“As I watched the rinsed spinach leaves leave my fingers,
And into the blender,
I can’t help thinking, shucks I hope I don’t need to throw this experiment out.
I mean, spinach green savoury crepes? (Did I hear an eww?)
But one swirl on the skillet and I knew I could be onto something here.”

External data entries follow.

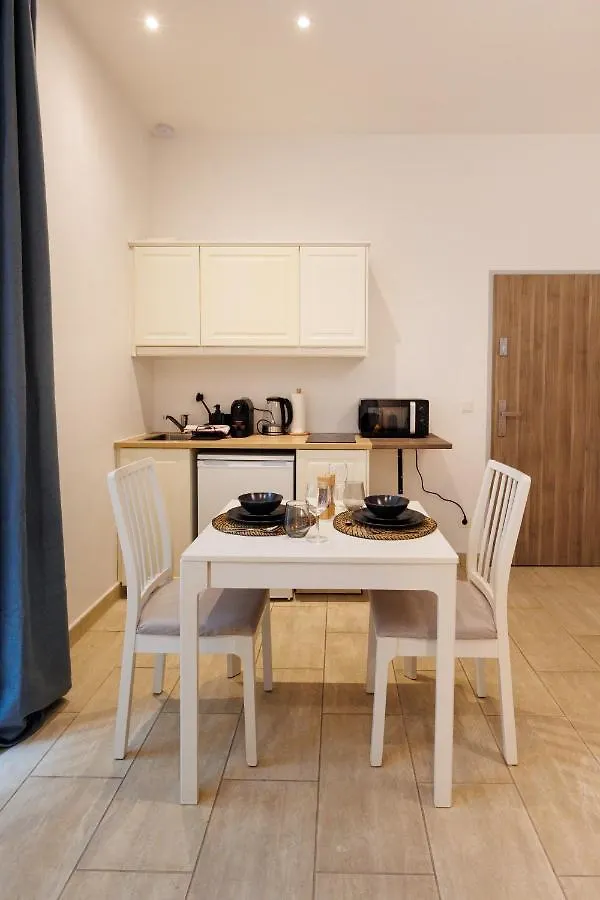 Cozy Market-Square Retreat Located In The Heart Of The 10Th District Вена Австрия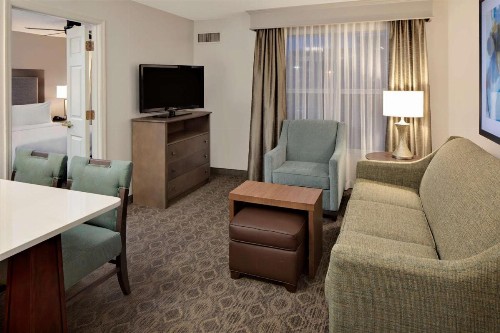 Homewood Suites Minneapolis - Mall of America - image 13
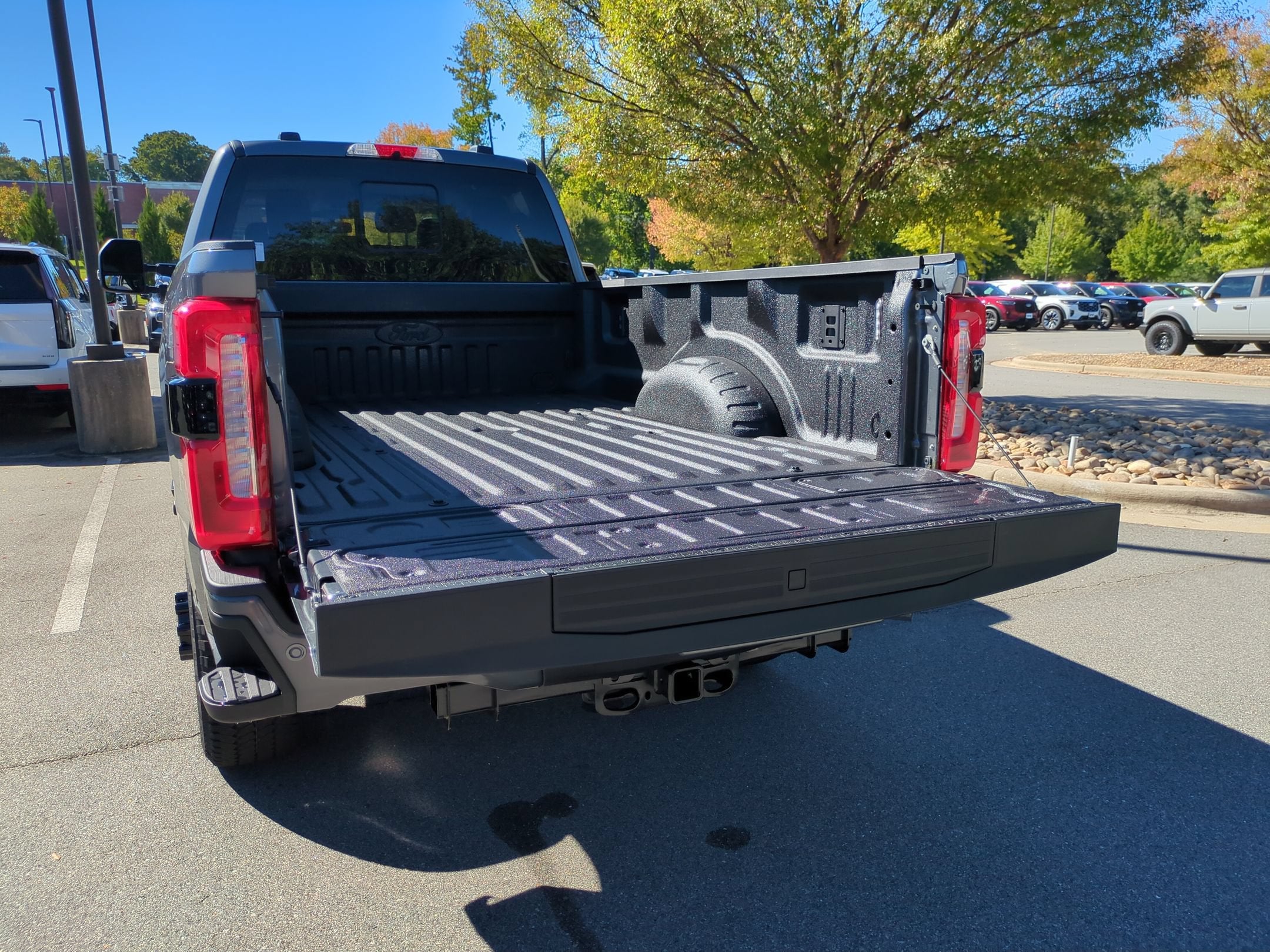 2027 Ford Super Duty F-350 SRW XLT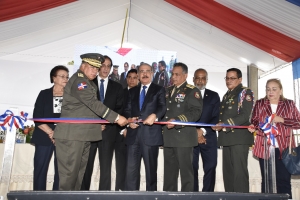 Inauguración de la primera Industria Militar Textil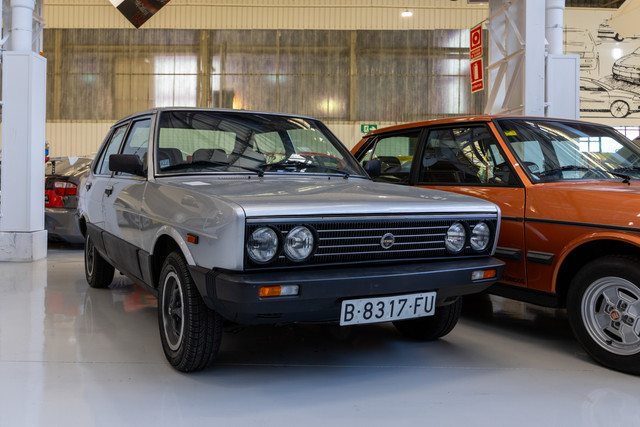 SEAT HISTORICOS 016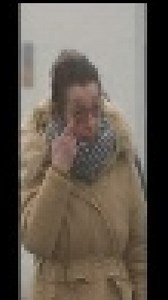 Karst overleed vorige week onverwachts op 59-jarige leeftijd. Woensdagmiddag stond zijn kist op het podium van theater De Tamboer in Hoogeveen, waar de Drentse zanger vandaag eigenlijk zijn nieuwe tournee zou aftrappen. Zeker 2500 mensen namen daar afscheid van hem. | NOS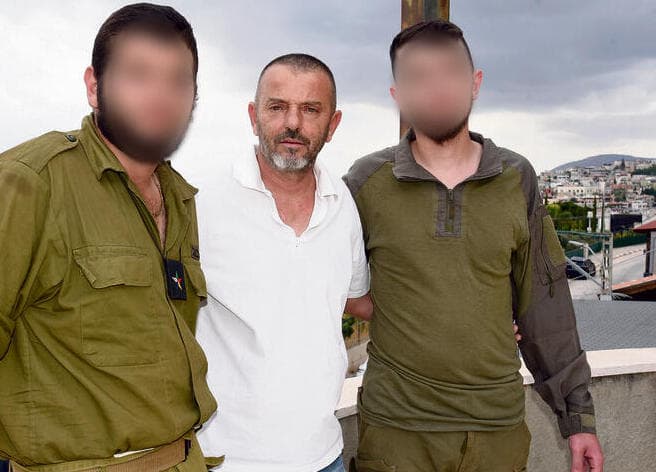 החיילים למשפחת איברהים. "סומך על הילדים שלי ועל הצבא" (אביהו שפירא) החיילים למשפחת איברהים. הדור השלישי עולה על מדים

Here's a smart (or should I say sneaky?) way to add greens to a recipe: Let's take the simple crepe for instance. All I do is take a handful of baby spinach and blend it along with the crepes batter. Not only do I have a crepe loaded with green power but it also looks so vibrant on my plate! Make this a vegan version by replacing the cooking cream with cashew cream, Parmesan cheese for vegan cheese and chicken with your favourite cupful of veggies.
Makes: 8 to 9 crepes
Ingredients
For the crepe
2 eggs
¾ cup flour
¾ cup milk
1 cup spinach
1 tablespoon unsalted butter, melted
½ teaspoon salt
Pinch freshly grated nutmeg
For the filling
2 tablespoon butter, melted
1 garlic clove, minced
170-190 grams diced chicken (approx. 2 chicken breasts), or 1 cup of your vegetables of choice
½ teaspoon dried rosemary
1 cup mushroom, sliced
¼ cup milk
¼ cup cooking cream (or cashew all-purpose cream)

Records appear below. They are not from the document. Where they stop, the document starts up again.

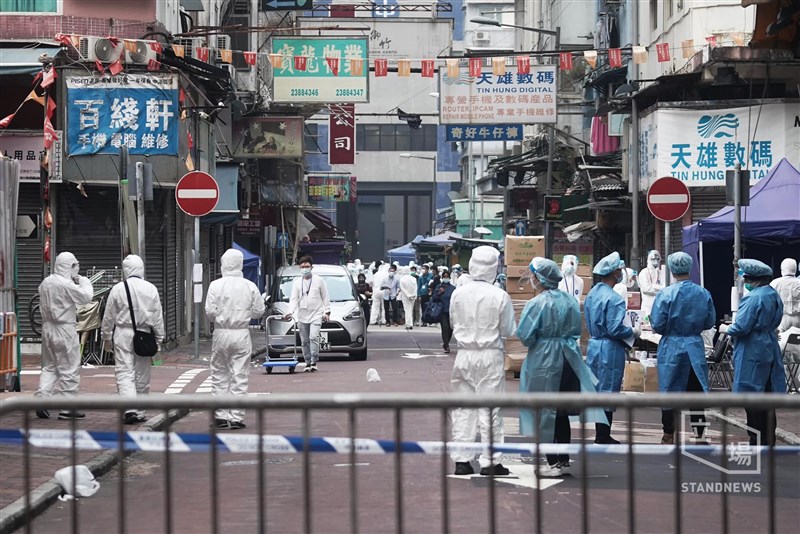 針對確診者不斷的香港佐敦一帶,凌晨4時起引用防疫規例,限制「受限區域」內的民眾需留在住處並按政府安排接受強制檢測。(圖取自立場新聞)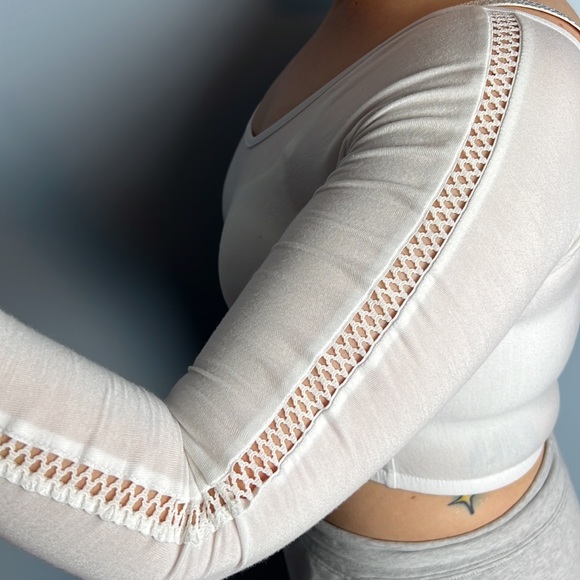 Sleevey Wonders Arm Trim Top - Picture 10 of 16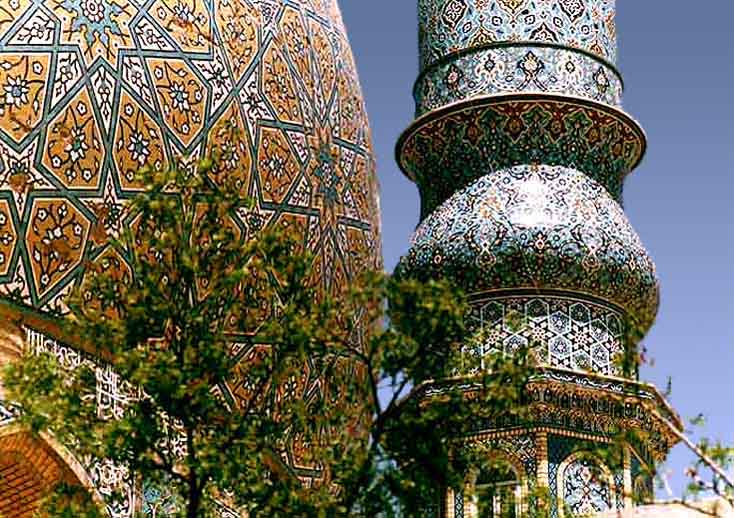 6 هزار گردشگر خارجی از معماری مسجد اعظم قم بازدید کردند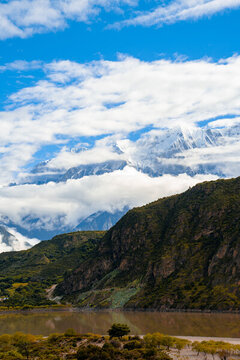 西藏林芝雪山山谷風(fēng)光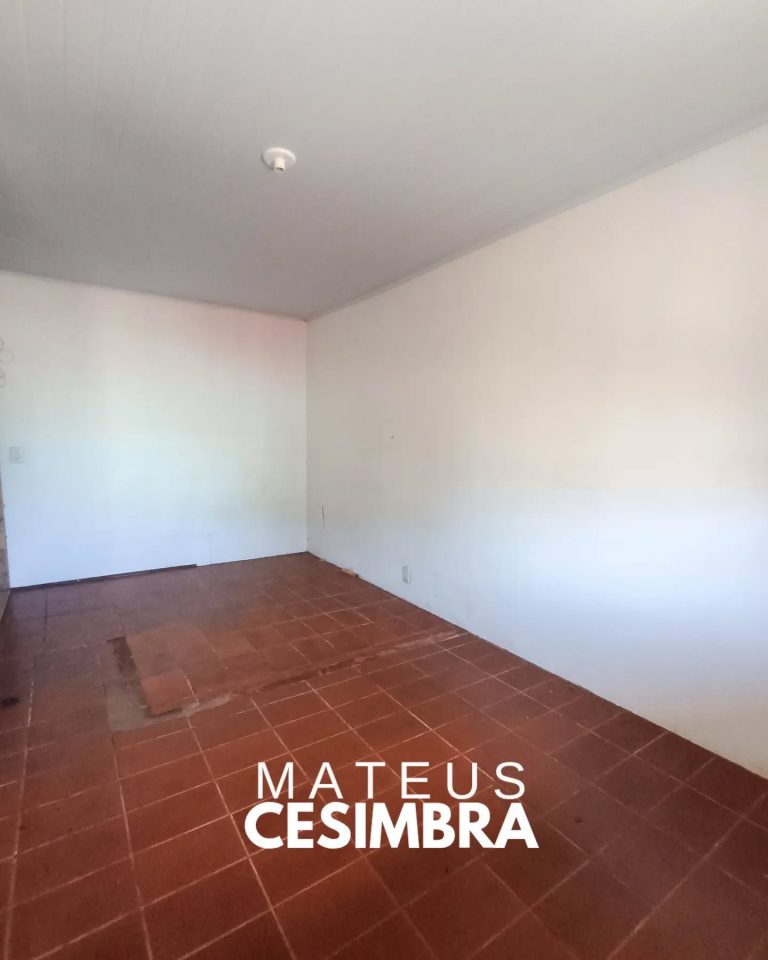 CASA NO BAIRRO PRAIA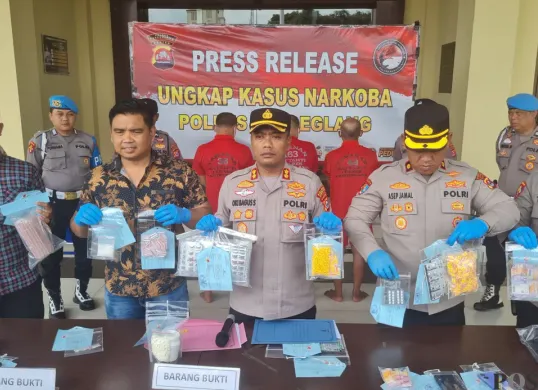 Jajaran Polres Pandeglang saat melakukan konferensi pers soal pengungkapan kasus peredaran narkoba dan obat-obatan terlarang. (Sumber: Poskota/Samsul Fatoni)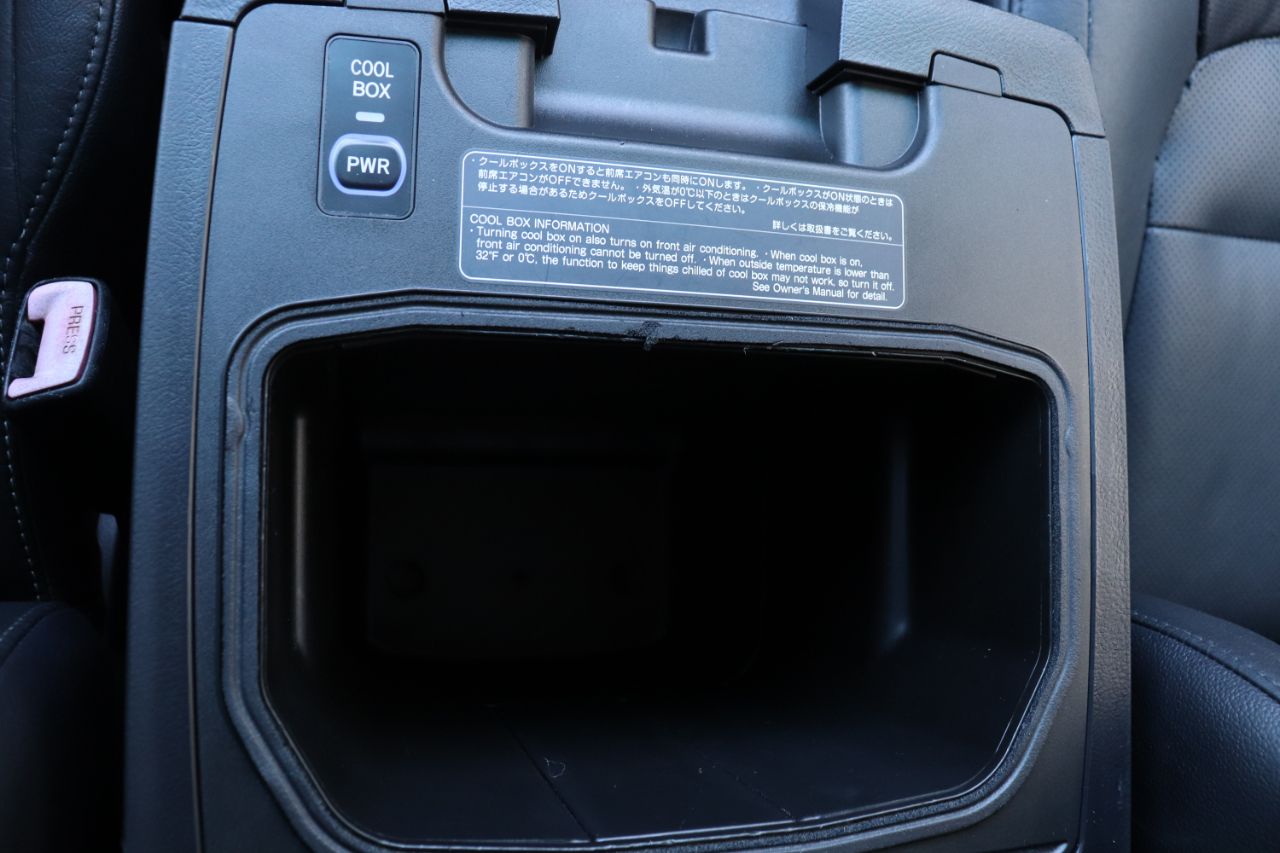 Toyota Land Cruiser 4WD 2013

1 tablespoon Parmesan or Vegan cheese, grated (optional)
Salt and pepper for seasoning
Method
To prepare the spinach crepe batter:
1. Place all the ingredients into a blender and blend until a smooth consistency. Pour the batter into a bowl and refrigerate for 15 minutes (alternatively, place the blender jar in the refrigerator directly).
2. To make the crepes: Pre-heat low heat a shallow frying pan or skillet and place a knob of butter.
3. Once melted, pour a ladleful of the spinach crepe batter and swirl the batter by tilting the skillet to ensure the surface is evenly spread; still maintaining low heat.
4. Cook for 2 minutes or until the edges start to firm. Flip the crepe and increase to medium heat and cook until it begins to turn slightly brown. Carefully lift the crepe and onto a plate; repeat with rest of the batter.
To prepare chicken and mushroom cream filling:
1. In a deep-bottom saucepan, add the butter followed by garlic. Sauté for a minute and next add in the diced chicken pieces. When the chicken begins to turn white on the surface, add in the rosemary and continue to sauté for a few minutes.
2. Add in the sliced mushrooms and sauté until soft.
3. In a bowl, whisk the milk and cooking or all-purpose cashew cream till well mixed.
4. Pour in the milk-cream mixture and while maintaining a low heat, reduce the cream to a thick creamy consistency (remember this goes as a filling for the crepe so you don’t want it too runny as well). Stir in the grated cheese, if using.
5. Once the sauce is reduced, take off from heat and allow to cool down slightly.
To assemble the crepe:
On a plate, lay out the spinach crepe (browner surface facing down).
Add in a few spoonsful of the chicken and mushroom mixture in the centre of the crepe.
Roll the crepe around the filling; repeat until all crepes are filled. Serve warm.